(Beginning of Task inputs)

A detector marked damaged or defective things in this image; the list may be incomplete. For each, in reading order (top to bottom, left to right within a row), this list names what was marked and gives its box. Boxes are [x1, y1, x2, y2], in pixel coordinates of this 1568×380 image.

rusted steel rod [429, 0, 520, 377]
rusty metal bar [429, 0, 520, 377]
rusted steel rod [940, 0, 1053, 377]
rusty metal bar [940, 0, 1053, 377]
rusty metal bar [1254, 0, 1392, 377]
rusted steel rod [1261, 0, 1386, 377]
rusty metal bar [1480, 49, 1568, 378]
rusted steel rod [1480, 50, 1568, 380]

(End of Task inputs)

*Work instructions*
Copy every line of the records above exactly.

*Result*
A detector marked damaged or defective things in this image; the list may be incomplete. For each, in reading order (top to bottom, left to right within a row), this list names what was marked and gives its box. Boxes are [x1, y1, x2, y2], in pixel coordinates of this 1568×380 image.

rusted steel rod [429, 0, 520, 377]
rusty metal bar [429, 0, 520, 377]
rusted steel rod [940, 0, 1053, 377]
rusty metal bar [940, 0, 1053, 377]
rusty metal bar [1254, 0, 1392, 377]
rusted steel rod [1261, 0, 1386, 377]
rusty metal bar [1480, 49, 1568, 378]
rusted steel rod [1480, 50, 1568, 380]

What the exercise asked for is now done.